La constitution actuelle ne prévoit aucun cadre formel pour la mise en œuvre des engagements climatiques pris lors des accords internationaux tels que l’Accord de Paris. Ce manque d’engagement national représente une véritable opportunité manquée de positionner le Gabon comme un acteur fort et responsable dans la lutte pour un avenir climatique durable.
5. Le Rôle de la Société Civile Éclipsé
Un autre point critique est le rôle marginalisé de la société civile dans la gestion environnementale. Alors que de nombreux pays intègrent des mécanismes pour impliquer les citoyens, les organisations environnementales et les entreprises dans les processus de décision, cette constitution ne prévoit aucune disposition permettant une véritable participation démocratique de ces acteurs dans les décisions liées à l’environnement. La consultation publique et la transparence sont des éléments fondamentaux pour la mise en œuvre d’une politique environnementale durable.
L’absence de ces mécanismes de gouvernance inclusive et participative constitue une faiblesse majeure, car la protection de l’environnement nécessite une collaboration à tous les niveaux.
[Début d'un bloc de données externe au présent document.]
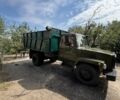 ГАЗ 3309, объемом двигателя 0 л и пробегом 0 тыс. км за 12500 $, фото 2 на Automoto.ua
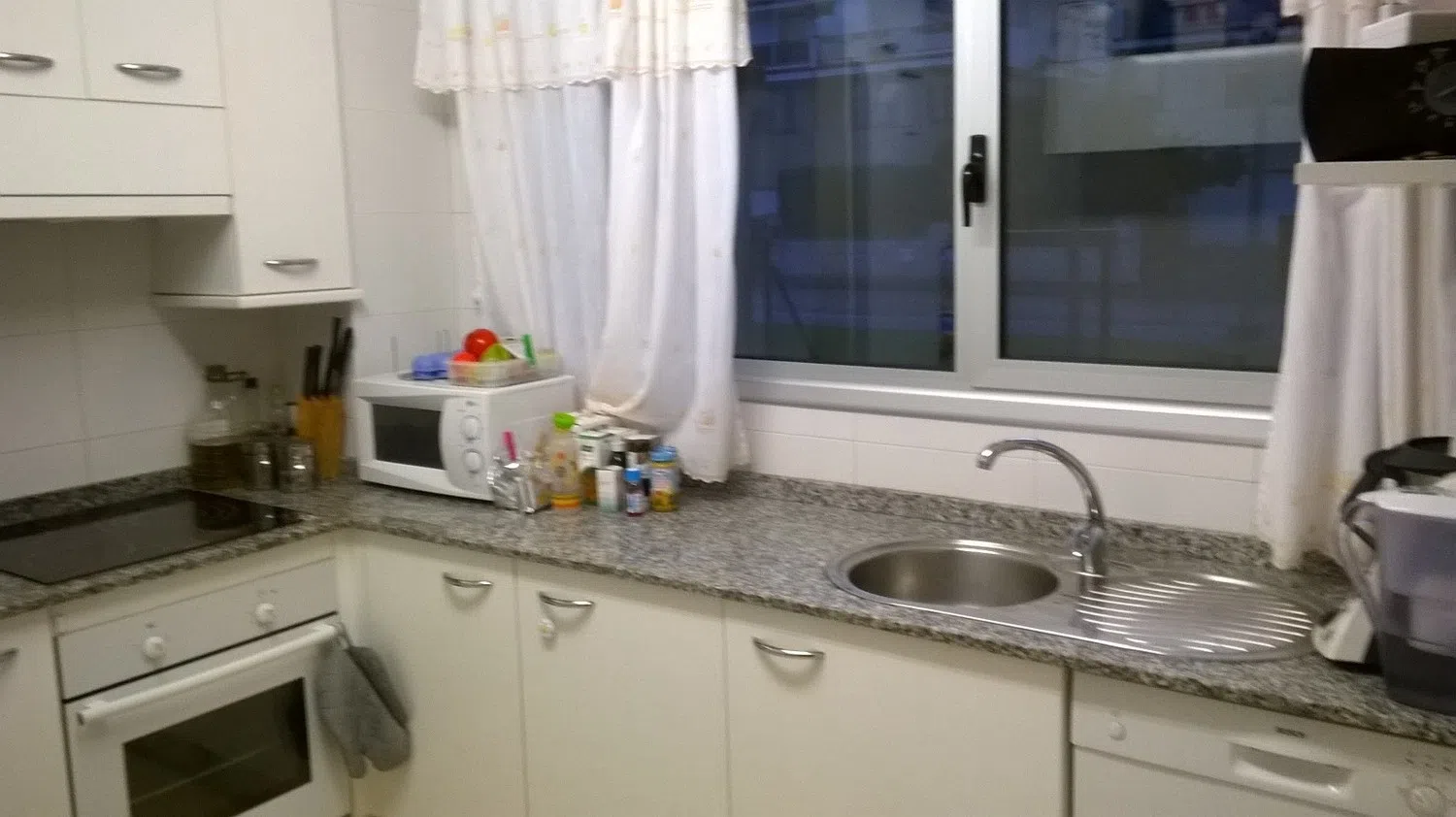 Chalet pareado en calle Luis Buñuel, 107 - Foto 21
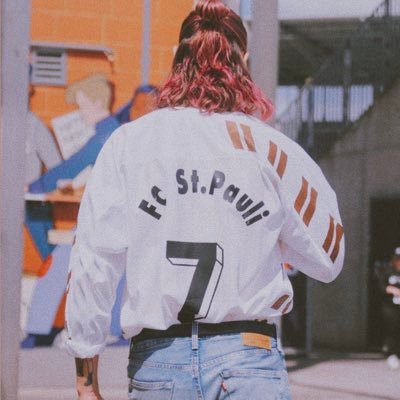 menfashtrend's profile picture. 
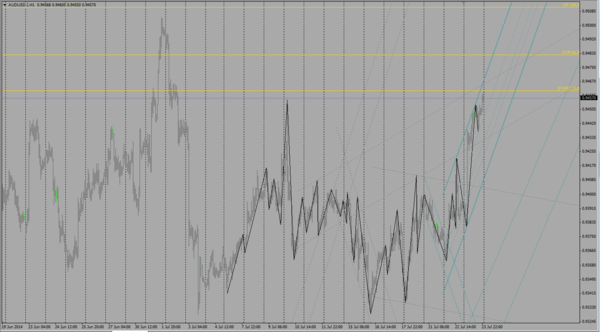 23-07-2014 23-36-37.png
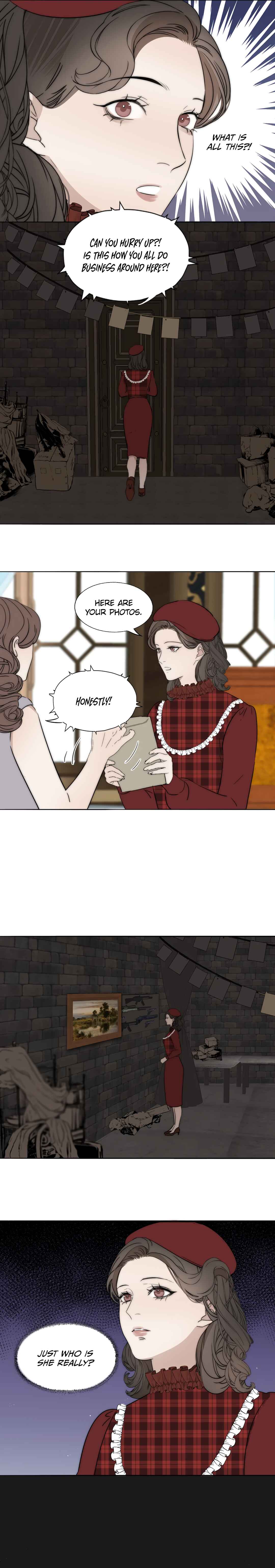 Chapter 31 - Page 8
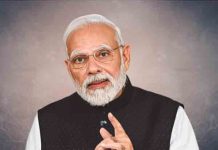 PM Modi Birthday : न कोई वाहन, न अपना घर! सिर्फ इतने करोड़ के मालिक हैं भारत के PM नरेंद्र मोदी pahalgam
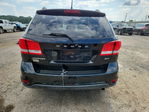 Dodge Journey 2017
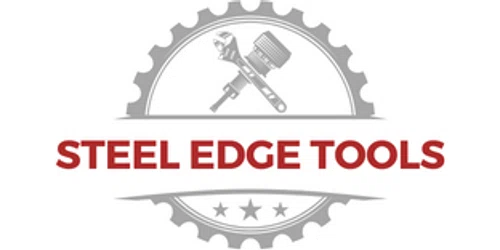Steel Edge Tools Promo Code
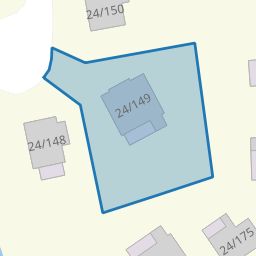 Perceel OBG00-V-1778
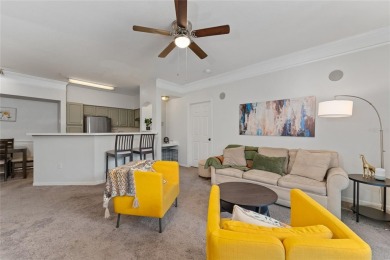 Seller concessions 5K, preferred lender contribution $5K and on MetroWest Golf Club in Florida - for sale on GolfHomes.com, golf home, golf lot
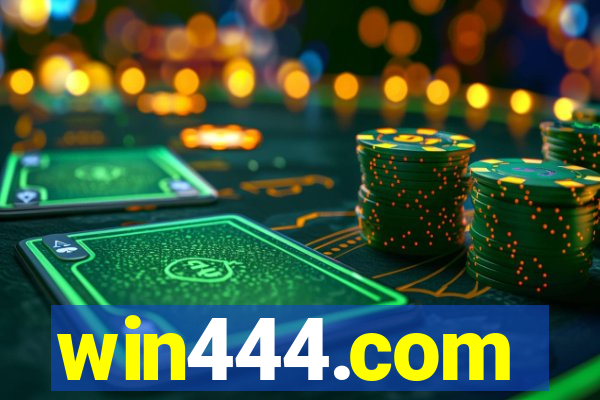 win444.com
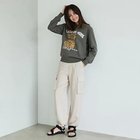 thumbnail other-2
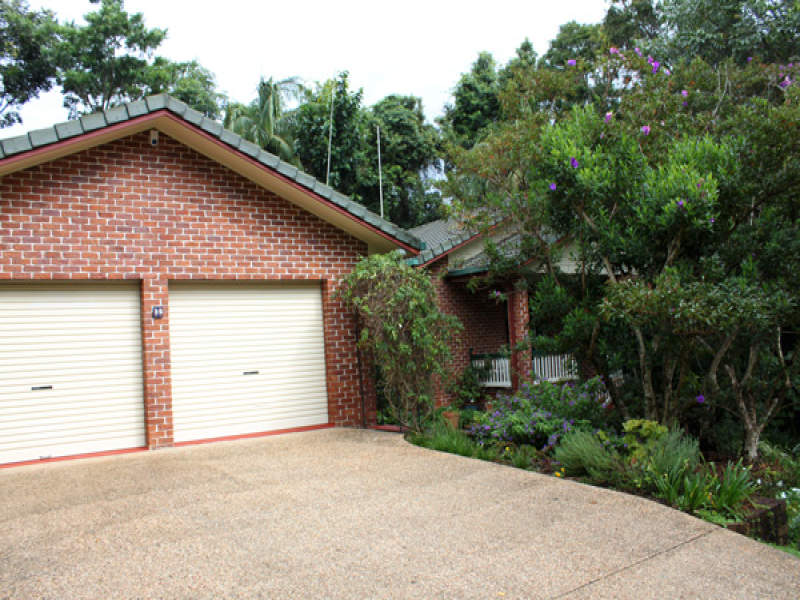 Property Sold in Buderim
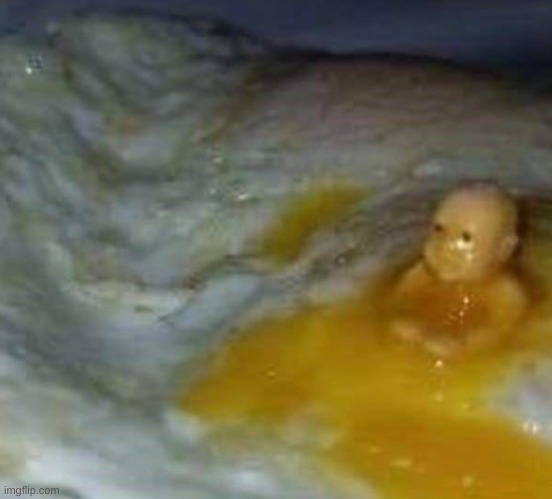 rare look into abortion clinics! | image tagged in wtf,breakfast,yummy | made w/ Imgflip meme maker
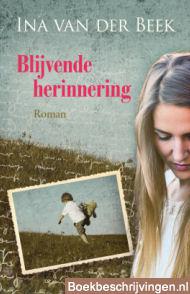 Blijvende herinnering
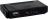Switch 5 port�w 10/100 Mbps (SW005)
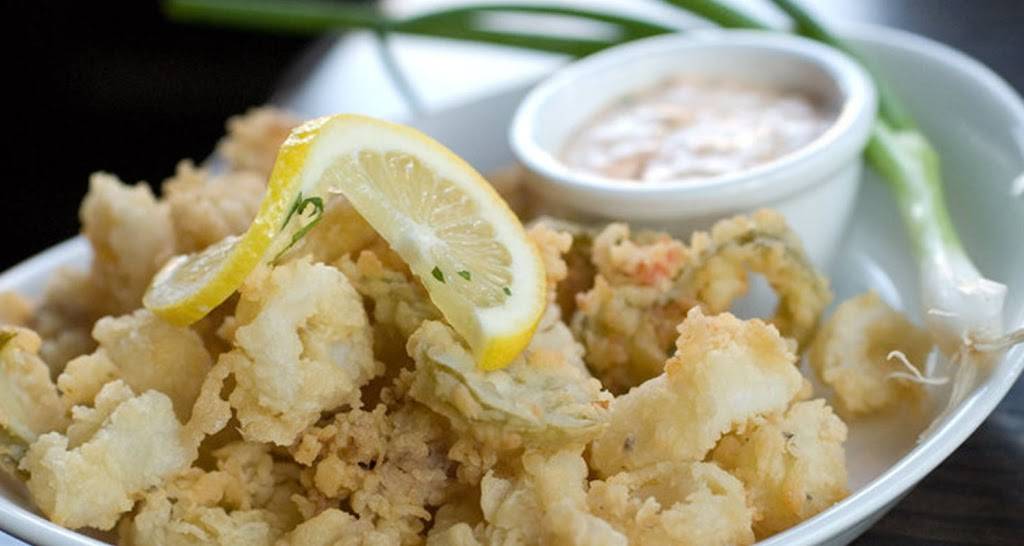 Black Horse Tavern | restaurant | 32 Waterfield Rd, Winchester, MA 01890, USA | 7813691620 OR +1 781-369-1620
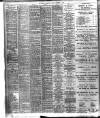 Reading Observer Saturday 22 December 1900 Page 4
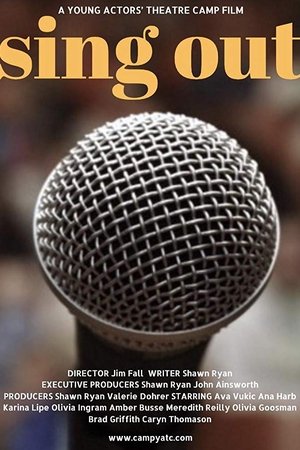 Sing Out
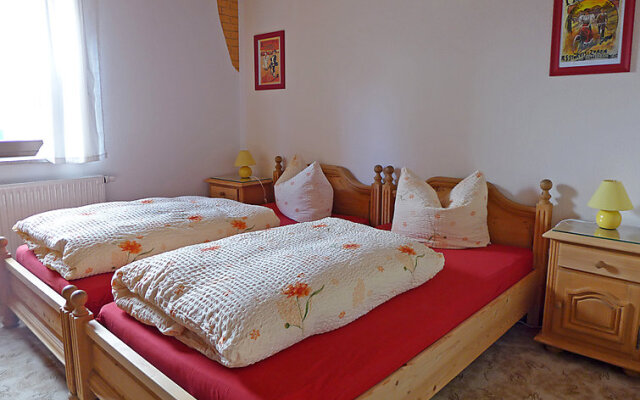 Thüringer-Radler-Scheune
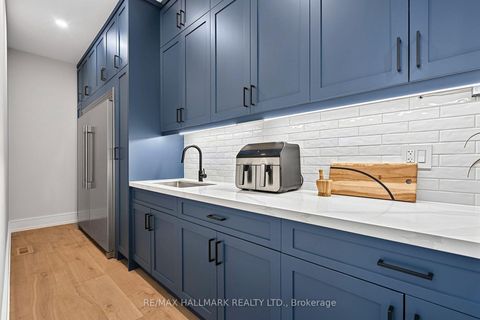 Photo 10 at 31 Bradgate Road, Don Mills, Toronto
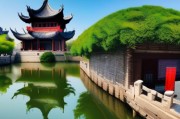 探索宿州周边美景 自驾一日游攻略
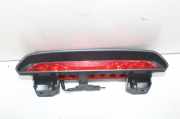 Bremsleuchte mitte Chevrolet Orlando (J309)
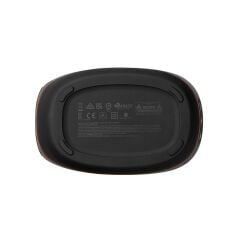 JBL PARTYLIGHT BEAM PARTYBOX AYDINLATMA APARATI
La société civile doit pouvoir jouer un rôle essentiel en matière de surveillance des actions gouvernementales, de plaidoyer pour une meilleure gestion des ressources naturelles, et d’implication dans les décisions publiques.
Un Manque d’Ambition pour l’Avenir
En l’état, la nouvelle constitution gabonaise ne répond pas aux enjeux environnementaux pressants du pays. Elle offre une protection trop faible et trop vague de l’environnement, ne garantit pas de politiques publiques ambitieuses pour la biodiversité et le changement climatique, et omet de considérer la protection de l’environnement comme un droit fondamental des citoyens. Le Gabon mérite une constitution qui intègre la question environnementale de manière sérieuse et engage l’État à prendre des mesures concrètes pour préserver ses écosystèmes pour les générations futures.